I used to have a longish commute, and I’d fill my gas tank about 3 times every 2 weeks. I used to watch gas prices at both ends of the commute.
Yes, there were sudden jumps in pricing. The wierd thing was, for a while, prices near my home would jump on Tuesday, and then float downward for the next week. Prices near my office would jump on Thursday, and drift down for a week.
And then one summer, those days switched. Home jumped on Thursdays and work jumped on Tuesdays.

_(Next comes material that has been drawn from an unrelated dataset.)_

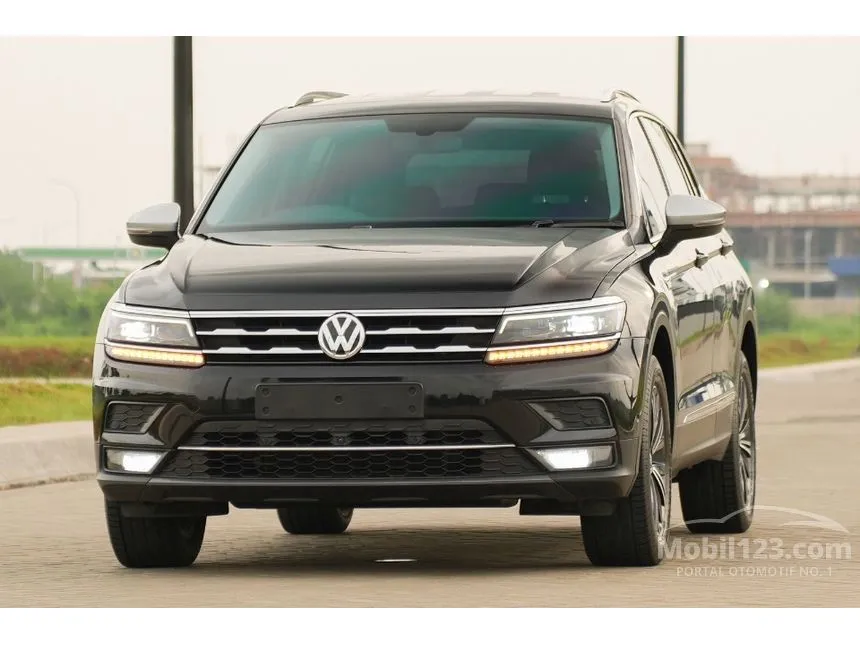 2022 Volkswagen Tiguan TSI Allspace SUV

So yes, gas pricing does work that way. No, it’s not a conspiracy. It’s gas station owners figuring out how to make a profit. If you won’t want to put up with it, do as suggested above and buy gas the day before it typically jumps.
For those of you that doubt that jumps happen, check out this chartfor MN gas prices.
I don’t doubt gas prices jump higher - they also frequently jump lower; otherwise we’d be spending about $65 per gallon - but it doesn’t seem to be on any particular day or schedule.
This past weekend gas prices around me were about $3:70 and had been since early last week, but right now (Wednesday for those not keeping up the the class) they dropped by 20-30 cents and I filled up both vehicles at $3.34 today. Of course tomorrow they could jump again to $3:20 and I’ll be annoyed but IMO anything under $3:50 a gallon is cool.